Task instructions> In your answer, set down the records below exactly as they stand, omitting pictures.

Record excerpts>
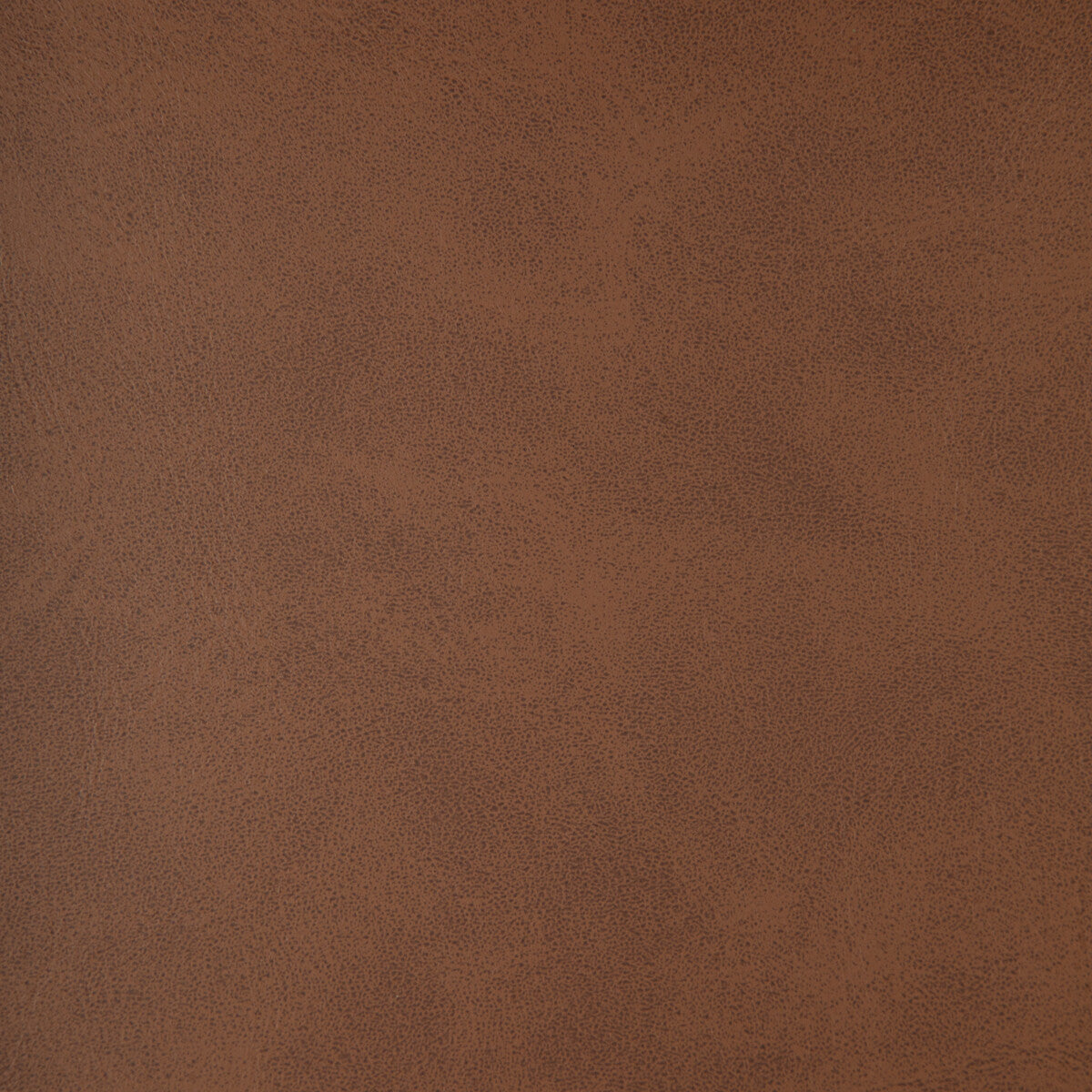 alum60-kravet-design-alum-6-kravet-design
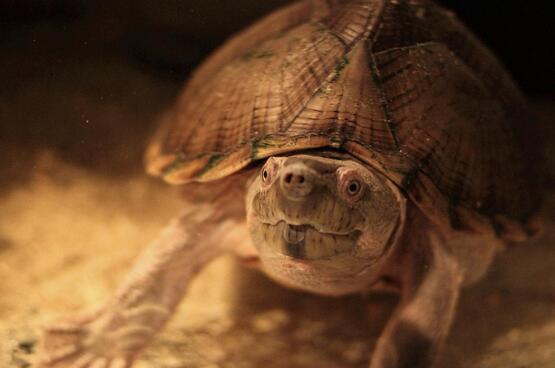 QQ截图20160818162935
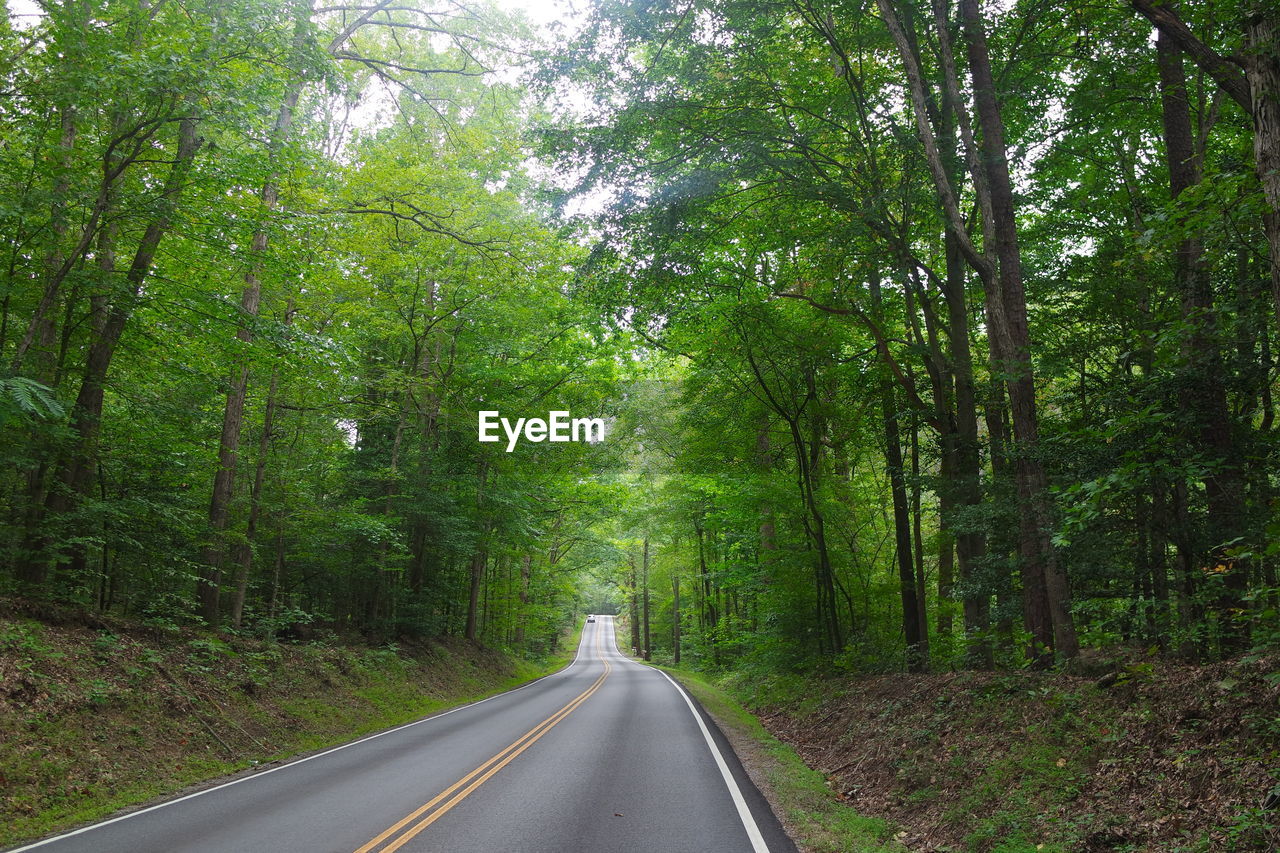 Road amidst trees in forest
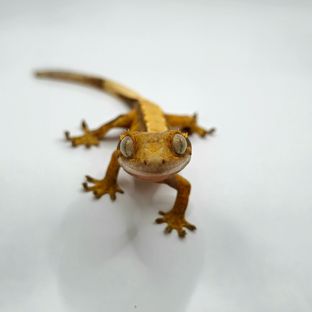 마루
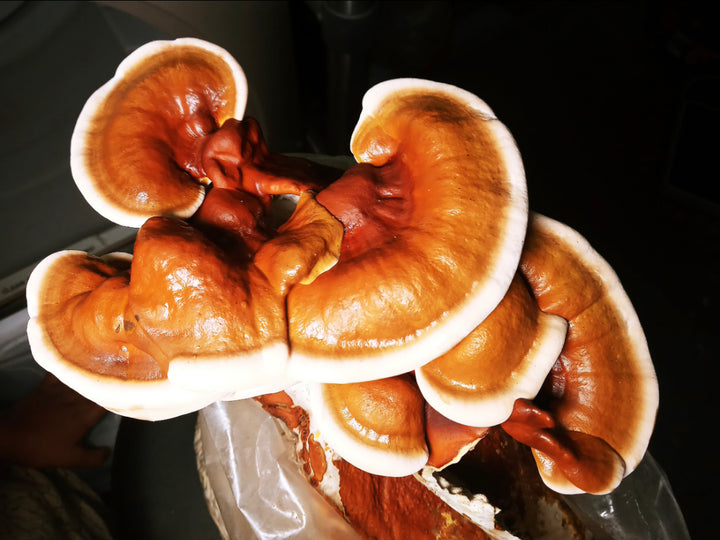 Red Reishi Liquid Culture Syringe - Midnight Mushroom Co.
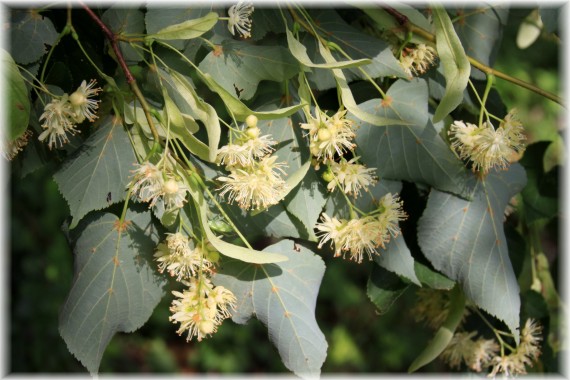 Lipa drobnolistna (Tilia cordata)
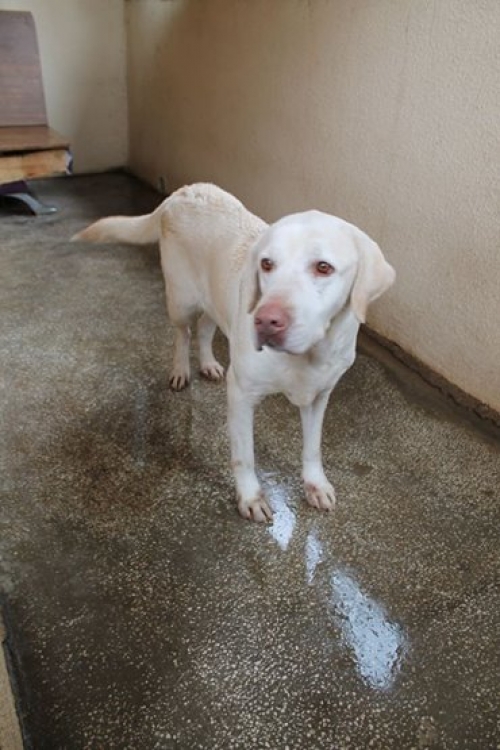 ლაბრადორი გრინგა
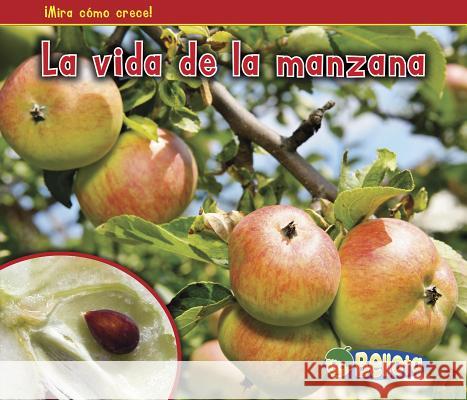La Vida de la Manzana = The Life of an Apple Nancy Dickman 9781432952860 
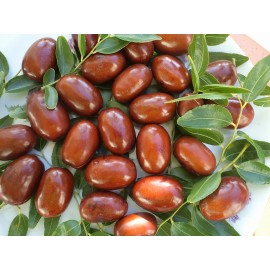 Jujube (zizyphus)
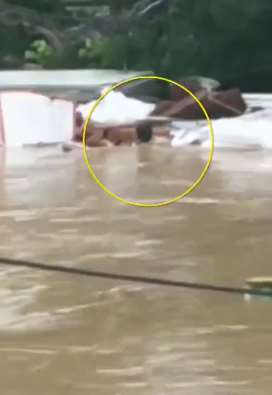 广州一热心货车司机救落水行人遇难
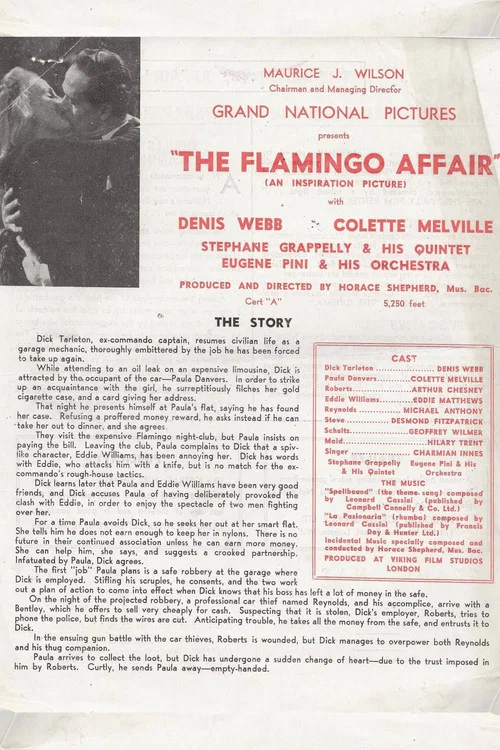 Постер: The Flamingo Affair
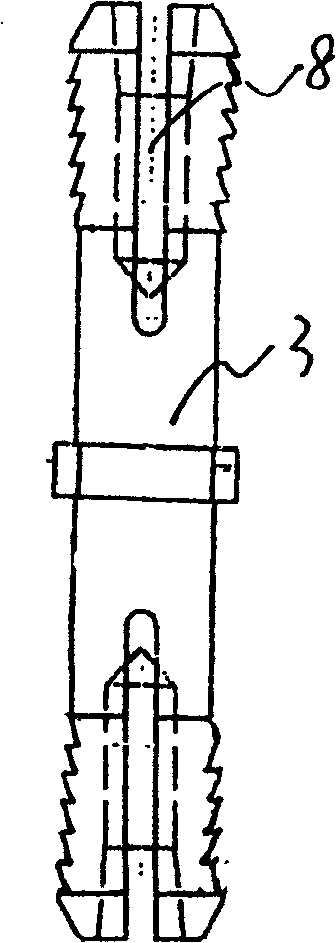 Double-end inserting expansion meshing body pile connecting end plate and prefab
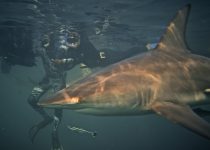 Shark Diving – Snorkel with Sharks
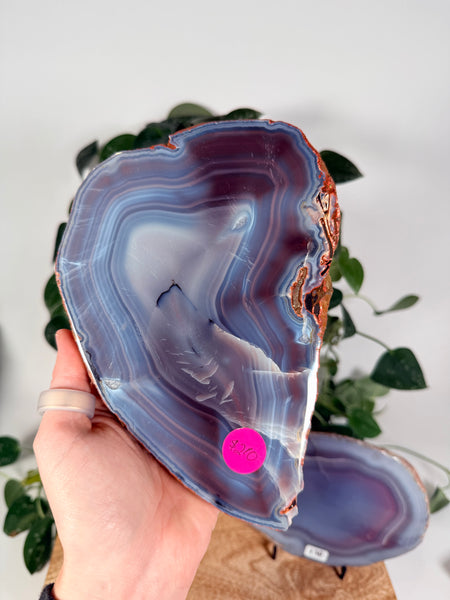 Mozambique Agate - you pick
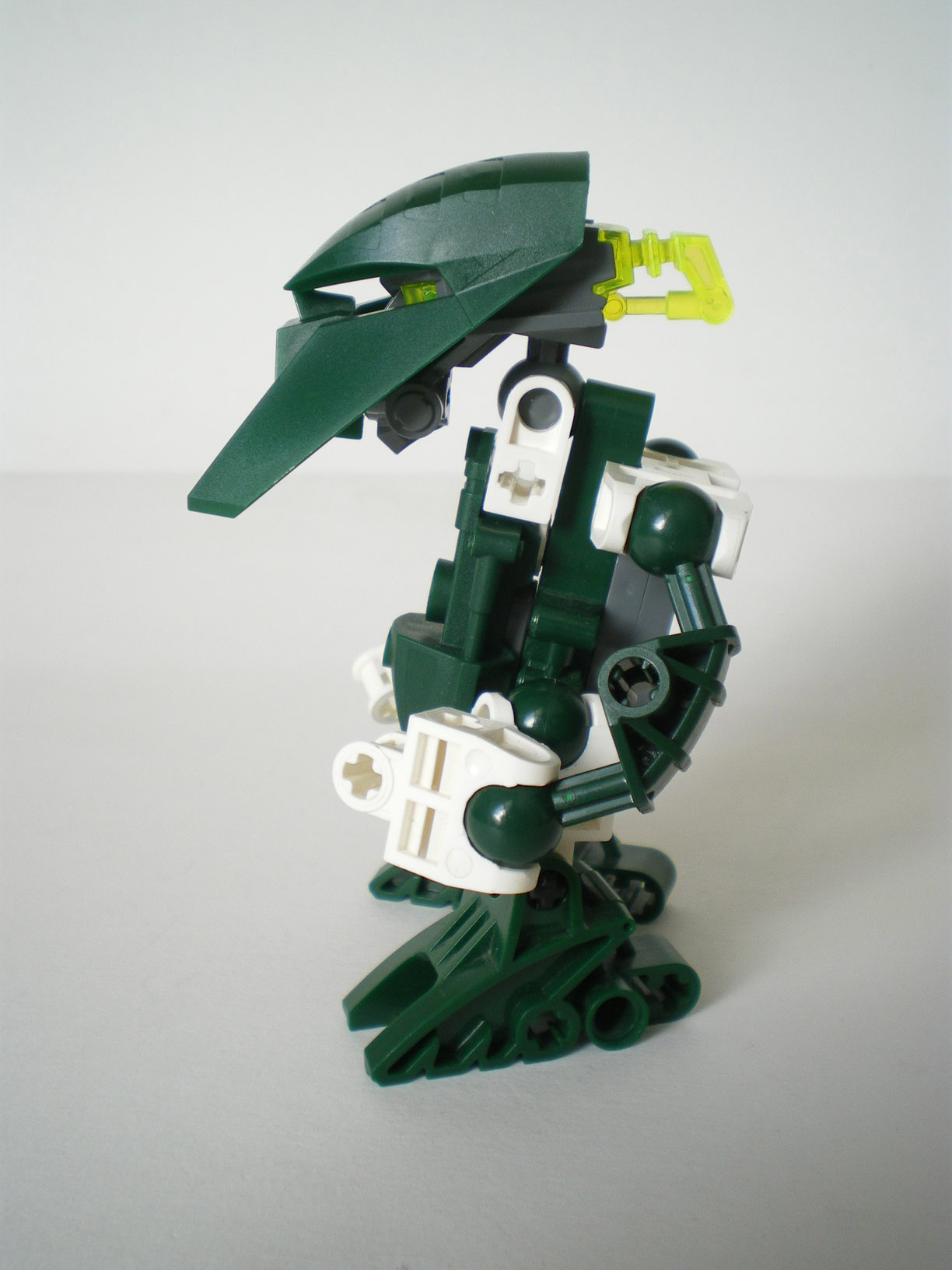 imgp8005.jpg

Completed exercise>
 alum60-kravet-design-alum-6-kravet-design
 QQ截图20160818162935
 Road amidst trees in forest
 마루
 Red Reishi Liquid Culture Syringe - Midnight Mushroom Co.
 Lipa drobnolistna (Tilia cordata)
 ლაბრადორი გრინგა
La Vida de la Manzana = The Life of an Apple Nancy Dickman 9781432952860 
 Jujube (zizyphus)
 广州一热心货车司机救落水行人遇难
 Постер: The Flamingo Affair
 Double-end inserting expansion meshing body pile connecting end plate and prefab
 Shark Diving – Snorkel with Sharks
 Mozambique Agate - you pick
 imgp8005.jpg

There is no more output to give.